▶ TASK BRIEF: Copy exactly the lines of the data below, beginning with the line with "Commercial Property for" and ending with the line with "Used 2017 Ford". Pictures are to be omitted.

▶ SOURCE DATA:

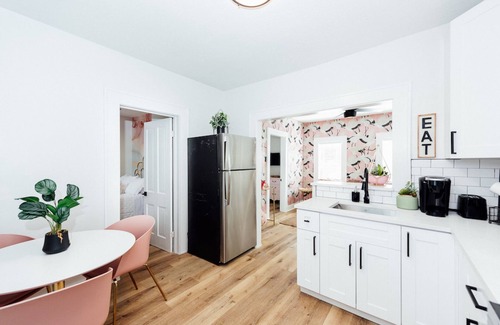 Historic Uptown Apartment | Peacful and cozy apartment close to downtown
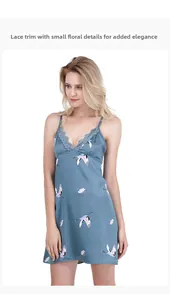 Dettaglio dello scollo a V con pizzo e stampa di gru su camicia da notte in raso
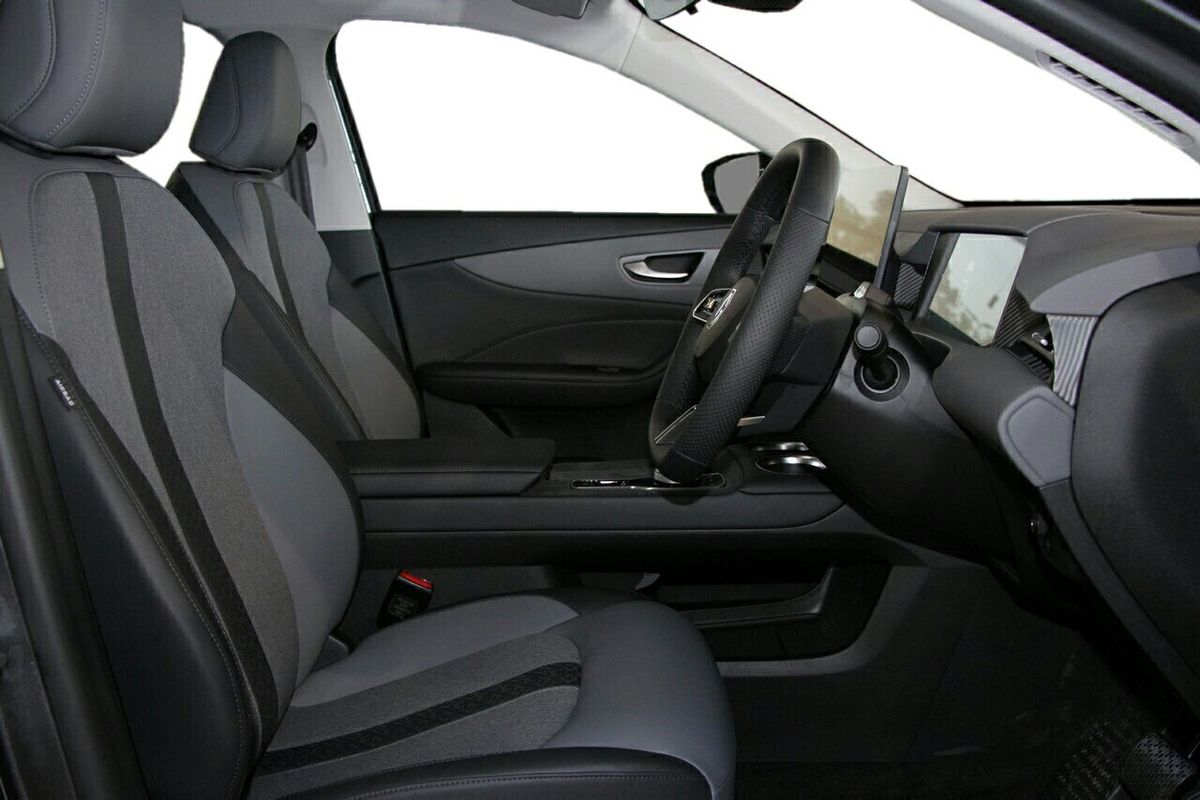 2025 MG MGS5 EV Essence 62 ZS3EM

* * *

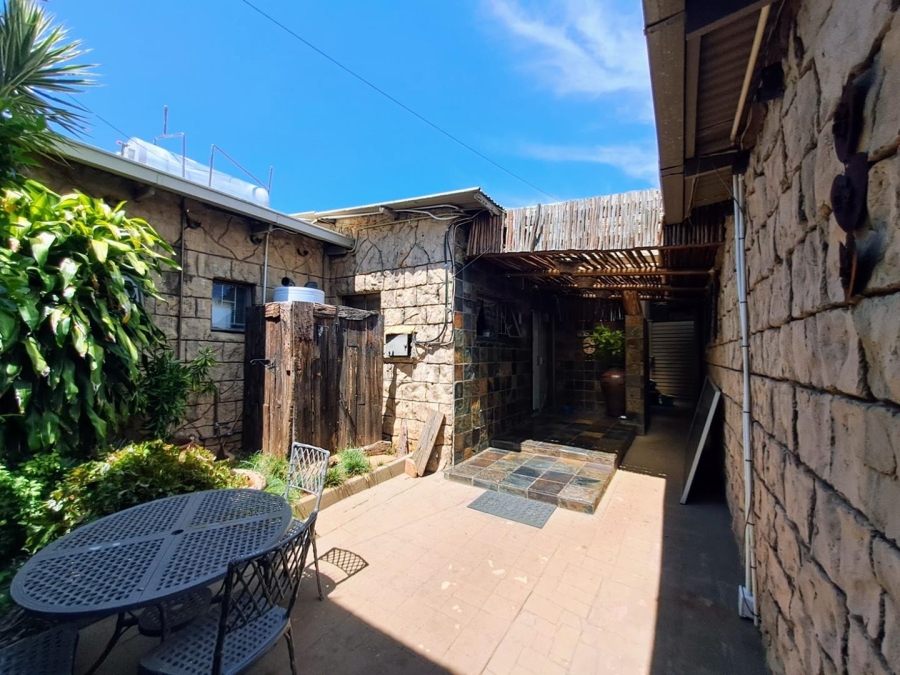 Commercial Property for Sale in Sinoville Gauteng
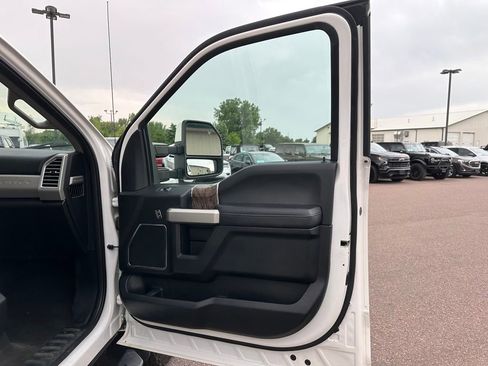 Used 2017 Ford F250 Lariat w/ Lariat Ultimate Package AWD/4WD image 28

▶ SOLVED PROBLEM:
 Commercial Property for Sale in Sinoville Gauteng
 Used 2017 Ford F250 Lariat w/ Lariat Ultimate Package AWD/4WD image 28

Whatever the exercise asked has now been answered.